- I am currently watching a documentary (Rivers and Tides) about Andy Goldsworthy. I love the purity of his art, both the medium and that he does his art not for a gallery or to sell, but because he needs to. That his work is free of commercial concerns makes it purer to me. Maybe this isn't accurate...maybe he does get paid somehow, I don't know.
- I did something terribly sinful and foolish today and bought a few ounces of a 50/50 silk merino blend roving....and some wool mohair blend as well, which was much cheaper than the silk blend. I should not have bought the silk...but I wanted it with a sort of intensity that was almost....(shiver)
- The colors used in the silk/merino blend are inspiring to me though...and I can achieve them with the stuff I have at home. It's a warm russety brown, the color my hair used to be in the sun when it was long, or when I was a child, blending into a rich charcoal, shimmering throughout with strands of silk. It is beautiful, beautiful. The mohair/wool (mohair comes from angora goats by the way) roving is a lighter shade of the reddish brown, the color of cinnamon sugared toast when it's just right.
- I want to hike up to Beehive Lakes this summer (the stone cairns Andy Goldsworthy is building on the movie are reminding me of this) and camp overnight there this time. Last time I just went up, saw, and came back down...no time to even enjoy it really.

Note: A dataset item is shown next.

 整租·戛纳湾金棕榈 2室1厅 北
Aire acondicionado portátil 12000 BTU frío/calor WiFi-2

- People are giving alpacas and angora goats away...and I can't have any because I have no place to keep them. I know that I am a selfish thing to think of acquiring animals when I have children to think of and need to find a place to live yet. Sigh...I need animals though....dogs are alright, but they don't have the same calming energy that larger, ruminating animals do.
- But at least I live in a beautiful place, with forests and trees and streams, mosses and lichens and woodland plants and moist rich smelling soil in some places and aromatic woody pine needle carpets in the higher, dry areas. I don't think I could feel sane at all, like myself at all, without the outdoors and without animals.

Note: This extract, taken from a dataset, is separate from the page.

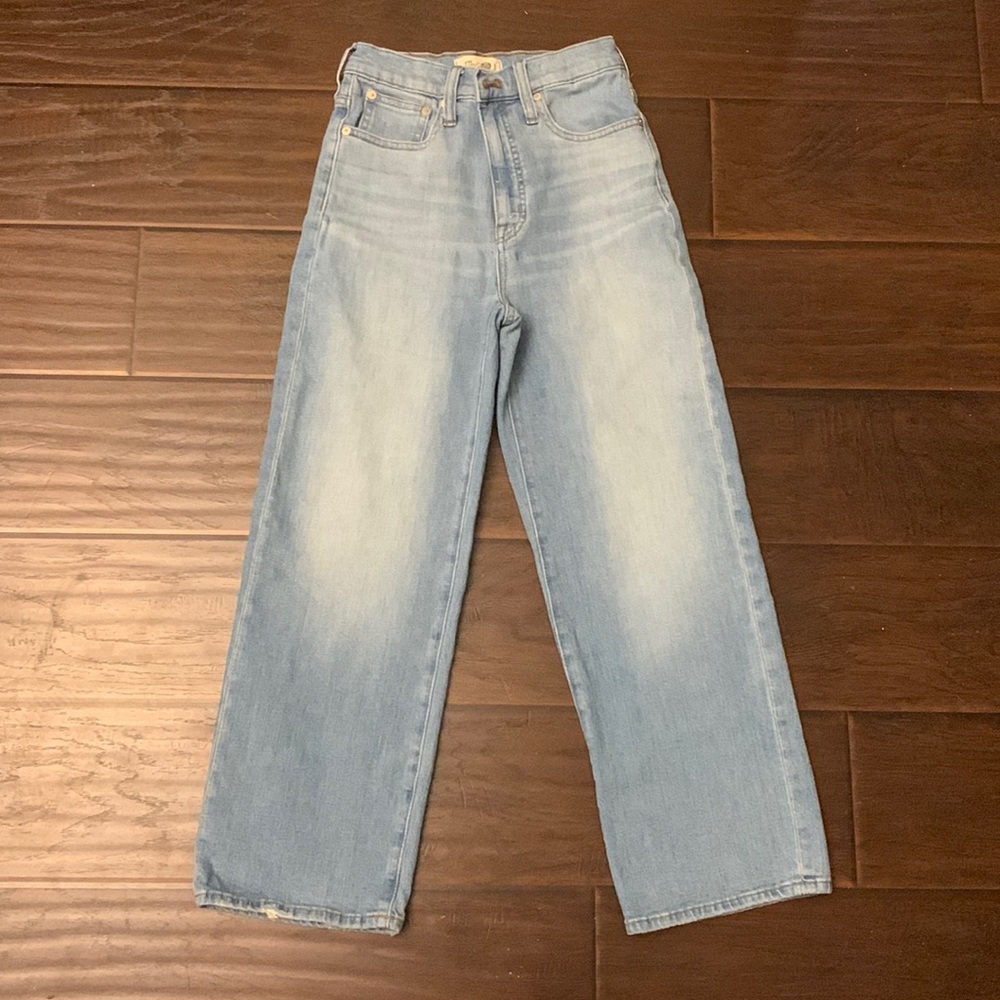 Madewell Jeans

- I wish that I could have the sea as well...(another selfish thing)...perhaps someday, but not soon, I don't think. I love the way the moist sea air smells, the mist and the fog....it is even better than rain.
- And...I am thinking about the work I'm doing with my therapist. I don't know what the future holds for me. Sometimes I feel a glimpse of it, but really, there is no way to know. I can only hope that it will be better than the past has been and strive towards that goal. But I don't know. I hope that someday I will be partnered....but if it isn't someone that I can love from the depths of my soul, then I would rather be alone. It is much, much better to be alone than to be in a relationship which lacks sincerity.
- I do know that if I should ever find myself in someone's arms again, I want to be there, to really be there, in the moment, not floating away, not disappearing with my mind to another place. I've spent all my life locked away, protected within myself...imprisoned. I want to be free. Whether or not it's fair is inconsequential, but in order to be present, to stay present, I will need to do the necessary work.
- When I spend so much time living inside my head, a head full of years of negative programming and trauma and pain, is it any wonder if I'm depressed? Maybe when I get free of that I'll feel better in a more general sense as well.